Wales

Brexit a 'catastrophe for our generation', says NUS boss

University students in cap and gown

The decision to leave the EU is "a catastrophe for our generation", the president of the National Union of Students (NUS) Wales said.

Beth Button said vital funding for young people and communities in poverty will now be lost.

Universities Wales - the body representing institutions - said it will create "significant challenges".

854,572 (52.5%) voters in Wales chose to leave the EU, compared with 772,347 (47.5%) supporting Remain.

Ms Button said the decision will not only be "hugely negative" for students and young people but Wales will also lose out on large amounts of EU funding.

"Those funds support investment and infrastructure all across Wales, particularly for young people and communities in poverty.

"This is a catastrophe for our generation," she said.

Image copyright Swansea University
Image caption Swansea University campus development received £95m of European funding

Earlier this month, Universities Wales published an open letter in which it outlined what it sees as the benefits of EU membership.

The letter, signed by the chairman of the body, Cardiff University vice chancellor Colin Riordan, said the free movement of students and staff "enriches the student experience" but also made a contribution to the Welsh economy "worth hundreds of millions of pounds".

It talked about partnerships with other EU researchers driving economic growth and innovation in areas such as healthcare.

It also pointed to the economic impact of EU students themselves, claiming it was worth more than £70m a year off campus in Wales.

Following the Leave vote, the body said there will be a "gradual exit process", during which time it will have opportunities to seek assurances and influence future policy.

It said its first priority is to convince the UK government to allow students from EU countries to continue working and studying at British universities.

A statement said: " We will also prioritise securing opportunities for our researchers and students to access vital pan-European programmes and build new global networks."

It wants to ensure the UK continues to be promoted as "a welcoming destination for the brightest and best minds".

'Staggering impact'

The NUS said students' unions had been fully engaged in the referendum, urging students to register to vote, running registration sessions and debates.

But while turnout was higher than in the General Election, it said numbers would have been much greater among students if the UK Government had "truly engaged young people".

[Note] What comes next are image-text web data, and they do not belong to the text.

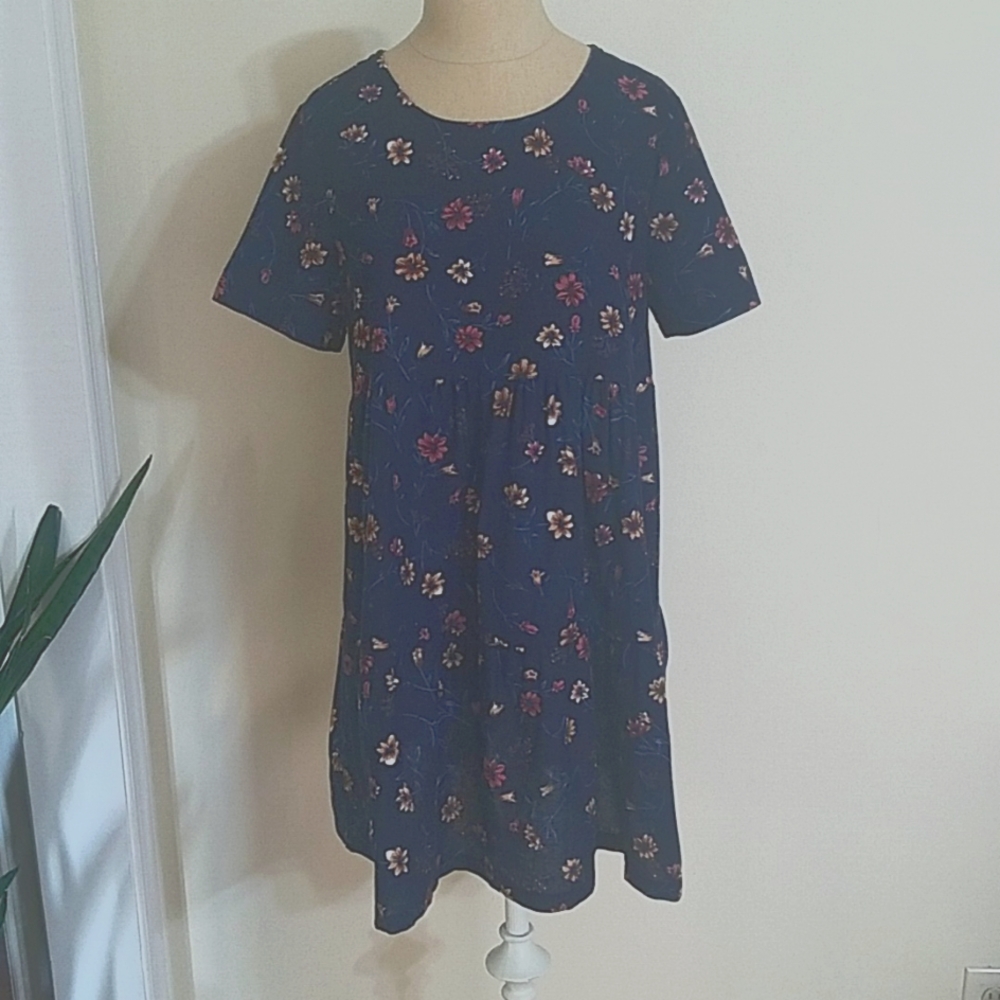 Mini Dress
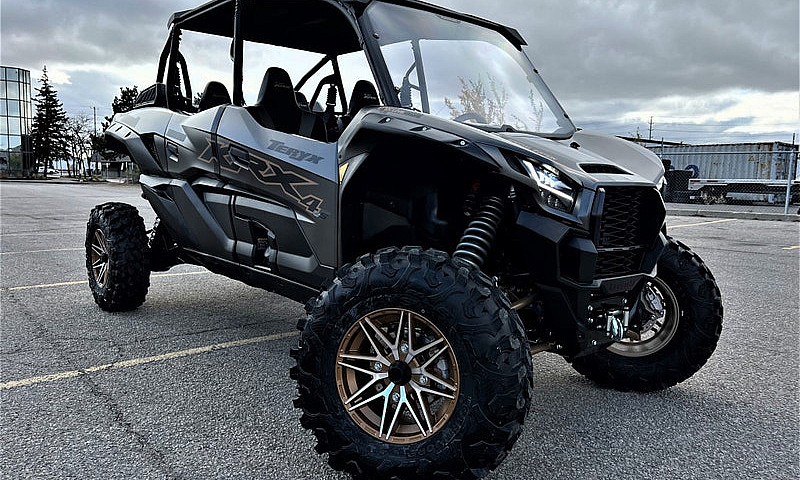 2023 Kawasaki Teryx ...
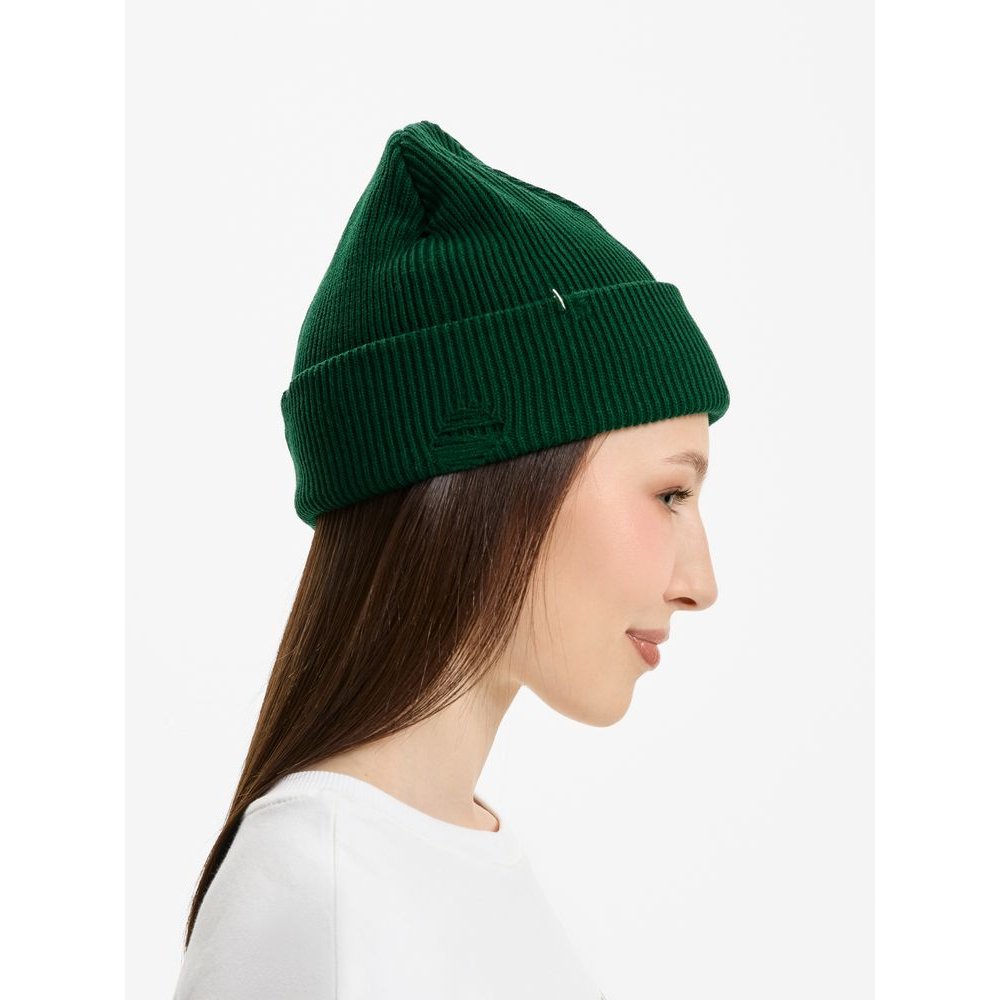Шапка Ribelle, темно-зеленая (хвойная) арт. 19066.92 Шапка Ribelle, темно-зеленая (хвойная) арт. 19066.92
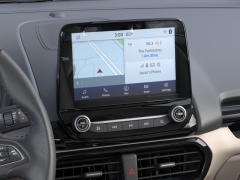 New 2020  Ford EcoSport 4d SUV FWD Titanium at Promax Motors near Davenport, IA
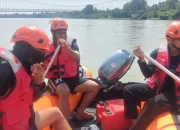 Hari Keenam, Korban Tenggelam di Sungai Kampar Dicari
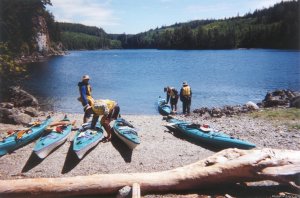 Best Sea Kayaking Adventures on Vancouver Island | Nanaimo, British Columbia | Kayaking & Canoeing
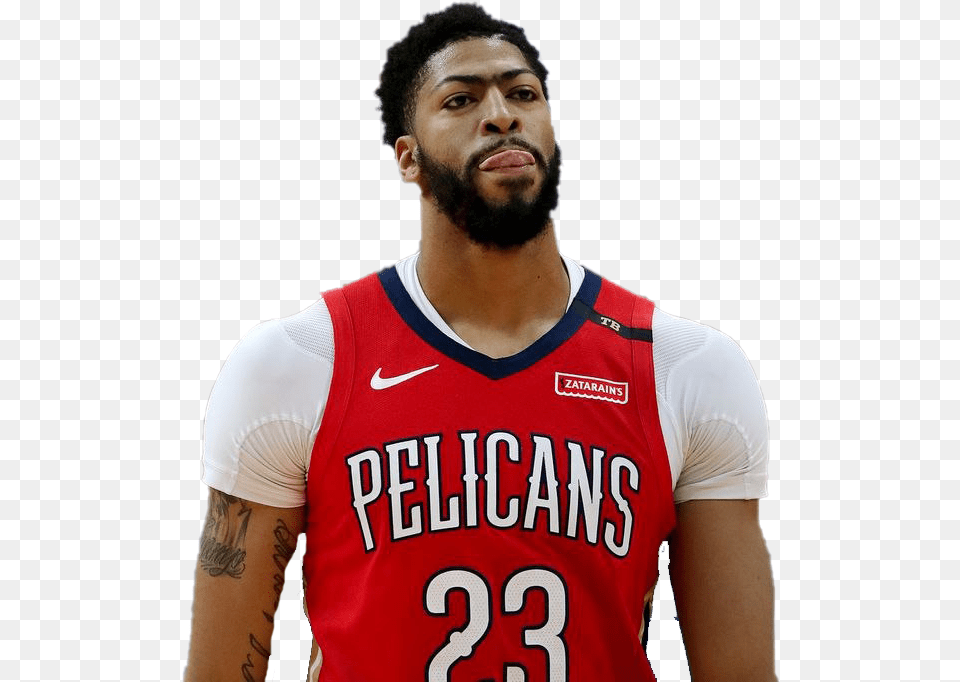 Anthony Davis Image Background Anthony Davis, Body Part, Clothing, Face, Head Free Png Download
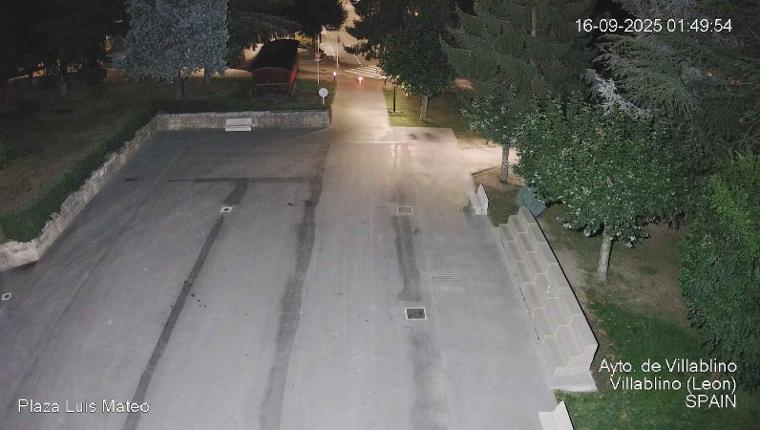 Webcam Leitariegos: Plaza de Luis Mateo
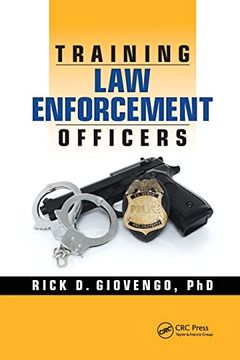 portada Training law Enforcement Officers (en Inglés)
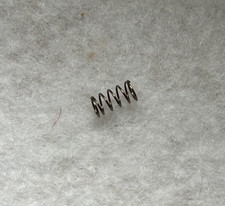 Push button spring set suitable for Seiko 6138/6139 chronographs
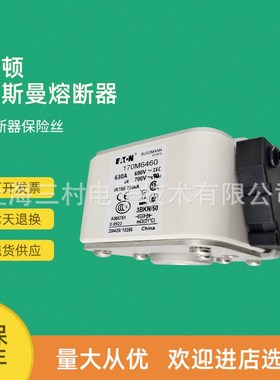 全新原装快速熔断器保险丝170M6458 170M64F59 170M6460 170M6461
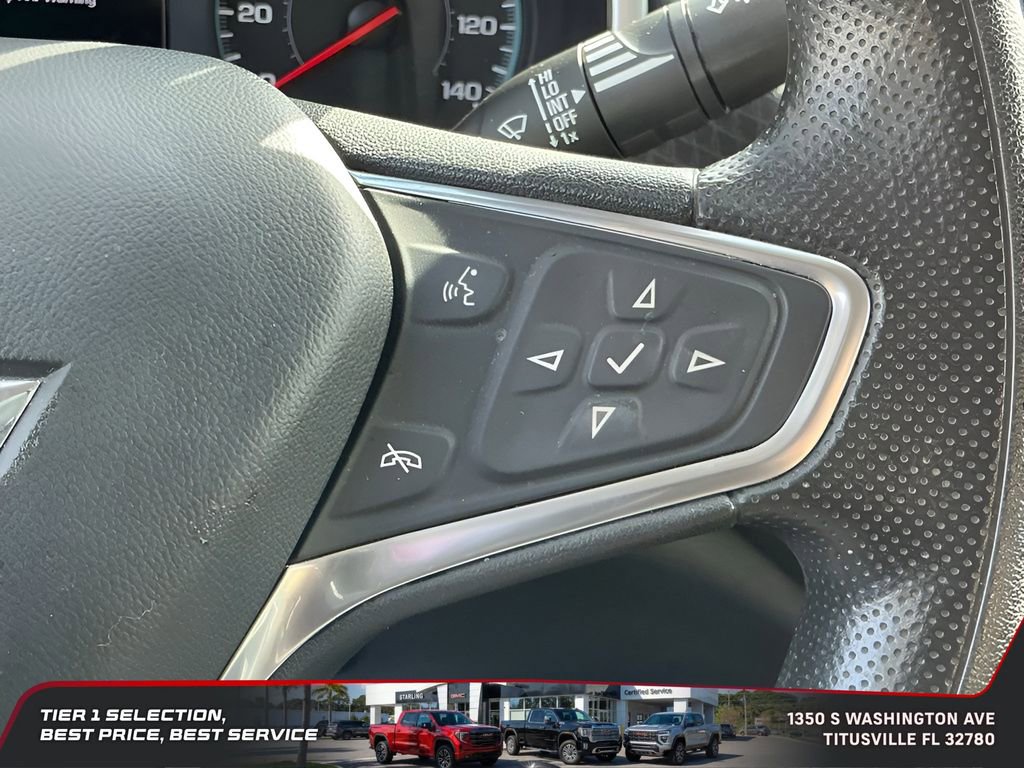 Used 2023 Chevrolet Malibu LT w/ Driver Confidence Package image 23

"We will continue to fight and campaign for 16 and 17-year-olds to be given the vote.

"We are confident that this will be in place for the next Assembly election, if not sooner," the NUS said.

While it expressed dismay that 17 out of 22 Welsh local authorities voted to leave, it called on the UK government to now include students in the exit negotiations.

"The UK Government has committed to ensuring that the Welsh (government) budget will not suffer following the loss of European funding, and this promise must be kept.

"But it is essential that students are at the heart of the negotiations. Any future deal will have a simply staggering impact upon us," a statement added.

NUS Wales women's officer Rosie Inman expressed concerns over EU-made laws.

She said: "The European Union has been essential for helping to strengthen, and introduce, vital equality legislation.

"The UK government cannot start to erode these rights."